PDN parsing issues¶
This section gives an overview of some issues with existing PDN definitions. In particular those issues that are important when writing a PDN parser.
Game Separator (1)¶
The *
symbol is both used as a game terminator/separator and as a move strength
indicator to denote a forced move. This introduces a nasty ambiguity.

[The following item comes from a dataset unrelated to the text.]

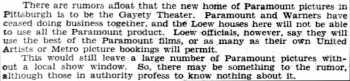 News of rumors that the theatre may become home to Paramount Pictures, as printed in the 3rd September 1930 edition of <i>The Pittsburgh Press</i> (120KB PDF)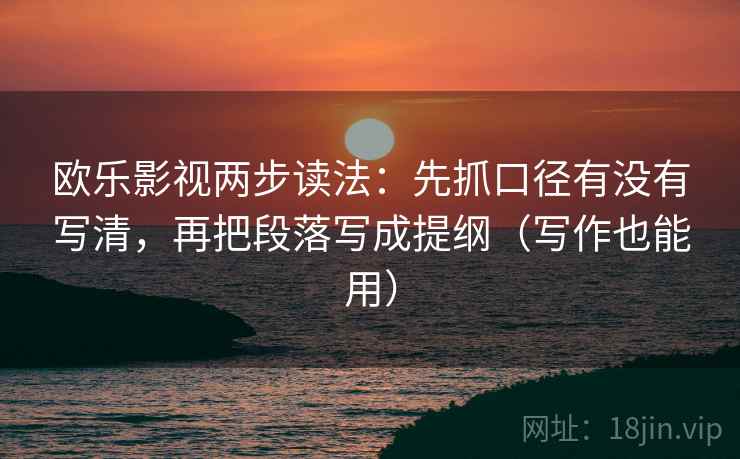 欧乐影视两步读法：先抓口径有没有写清，再把段落写成提纲（写作也能用）  第2张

For example the string 1-6* 32-28
can be interpreted as one game containing two moves,
or as two games separated by a *
. Since *
is commonly used in draughts publications
to denote forced moves, the preferred solution would be to disallow *
as a game separator,
and to use a different symbol like #
. However, this would completely destroy backward
compatibility. A less intrusive solution is to disallow *
as a move strength indicator.
Note that there is an alternative available in the form of the $7
numeric annotation
glyph. Yet another solution is to demand that there can be no space between a move and it’s
corresponding move strength. Then a move and it’s corresponding move strength can be
defined as one token.
Game Separator (2)¶
It is common practice to terminate games with their result. In PGN this is no problem,
since the chess results differ substantially from chess moves. But in draughts some
results like 1-0
and 1-1
are very similar to normal draughts moves. This complicates
parsing. For example, if the result 1-1
is defined as a token, then parsers may easily
get confused by a move like 1-18
. Several parsers insist on parsing this as
1-1
followed by an 8
. This problem is likely to occur when a move is split up into
separate tokens.
Since the result of a game can already be specified in PDN using the Result
tag, there
is no need to use a game result as a game separator. It can even be considered as bad style
to have two different ways to specify the result of a game. It seems therefore logical to
forbid using the result of a game as a game terminator (or separator).
Capture Separator¶
The squares of a capture are separated using the symbol x
, for example in the
move 32x23
. If one defines a capture as a production
CaptureMove = Square “x” Square
then there can easily be conflicts with identifier tokens. Tokenizers are often greedy,
which means that they can insist on parsing x23
as an identifier token, instead
of a capture separator x
followed by a square 23
. Some parsers offer solutions to
this type of problem, but not all of them. Note that this problem can be avoided by defining
a move as a single token.
Move token¶
It is an important question whether a move should be defined as a single token (by means of a regular expression), or as a production consisting of multiple elements. A production has the benefit that the structure of a move can be represented more clearly. But as explained above, then a more powerful parser is needed. If a move is defined as a token, then a simple LL(1) parser is enough to parse PDN.
Move strength¶
In draughts publications a move strength can be wrapped in parentheses, like in 31-27(?)
.
Parentheses are also used to define variations in an analysis, for example
1.32-28 18-23 2.38-32 ( 2.37-32? 23-29! ) 12-18
. This introduces an ambiguity, but in
most parsers this can be resolved by defining a move strength as a single token.